Don Luis permaneció en el despacho contemplando las cuartillas: «¡Si esto es un discurso! – murmuraba. – ¡Si no hay más que añadir al principio: Señores, y al final: He dicho! ¡Ah! sí, y algo de relleno; unos párrafos… mi consecuencia, la lealtad al gobierno, la libertad, el amor a las instituciones!»

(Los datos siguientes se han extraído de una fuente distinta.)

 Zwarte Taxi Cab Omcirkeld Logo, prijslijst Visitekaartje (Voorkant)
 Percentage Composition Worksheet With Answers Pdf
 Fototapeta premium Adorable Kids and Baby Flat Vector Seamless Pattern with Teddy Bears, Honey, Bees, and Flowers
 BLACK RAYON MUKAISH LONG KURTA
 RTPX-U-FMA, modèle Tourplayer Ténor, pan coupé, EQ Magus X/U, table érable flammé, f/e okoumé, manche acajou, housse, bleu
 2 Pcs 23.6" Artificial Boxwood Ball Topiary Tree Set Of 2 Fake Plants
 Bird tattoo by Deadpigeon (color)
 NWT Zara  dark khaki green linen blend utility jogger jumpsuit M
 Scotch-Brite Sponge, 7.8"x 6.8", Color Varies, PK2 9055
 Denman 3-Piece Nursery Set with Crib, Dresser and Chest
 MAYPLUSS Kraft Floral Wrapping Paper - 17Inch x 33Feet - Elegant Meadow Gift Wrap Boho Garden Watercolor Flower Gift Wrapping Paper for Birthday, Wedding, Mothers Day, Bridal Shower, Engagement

Era cosa resuelta; los taquígrafos tendrían que trabajar por causa suya.
VIII
Por fin habló don Luis. Al cabo de muchos años de silenciosa vida parlamentaria, el Diario de Sesiones imprimió su nombre, no sólo en el tipo común empleado para las votaciones, sino también en letras negrillas que saltaban a la vista, diciendo: El Señor Ágreda: Pido la palabra. Cuando leyó su nombre en los extractos de los periódicos, todavía sintió escalofríos de miedo. Al comenzar su discurso el salón estaba casi lleno, por la novedad de escuchar a un senador que dejaba de ser monosílabo: luego muchos oyentes se salieron a los pasillos; mas como la peroración fue corta, aún quedó número bastante para que no hiciera mal papel. En el banco azul permanecieron dos ministros. Pepe le escuchó desde el fondo de una tribuna: los datos, apuntes y citas de sus cuartillas salieron íntegros de los labios de don Luis, quien únicamente puso al principio un parrafito de su cosecha para pedir benevolencia, imitado de los doscientos mil análogos que había oído hasta entonces, añadiendo también alguna que otra frase para enaltecer la importancia de lo que iba diciendo. Cuando se le olvidaba algo de lo mucho que confió a la memoria, echaba mano de las cuartillas que traía copiadas de su puño y letra. Hacia la conclusión quiso extenderse en consideraciones originales; pero se le atravesaron en la garganta y terminó declarando que no proseguía por no molestar más la atención de la Cámara. Un buen orador hubiera podido fundar un verdadero triunfo sobre los materiales reunidos por Pepe: don Luis quedó bien y nada más. Al acabar sonaron algunos aplausos en los bancos de la mayoría, y todo el mundo dijo que había estado discreto y que aquello representaba gran conocimiento del asunto. Un ministro felicitó al orador y esto le compensó el disgusto que le dieron los periódicos de oposición limitándose a decir que el señor Ágreda había consumido un turno en pro. En cambio, a la hora de comer fueron a verle muchos amigos y después estuvo con su hija en el concierto del Retiro, dando vueltas y más vueltas, como torero que por la tarde ha metido el brazo con fortuna en una buena estocada.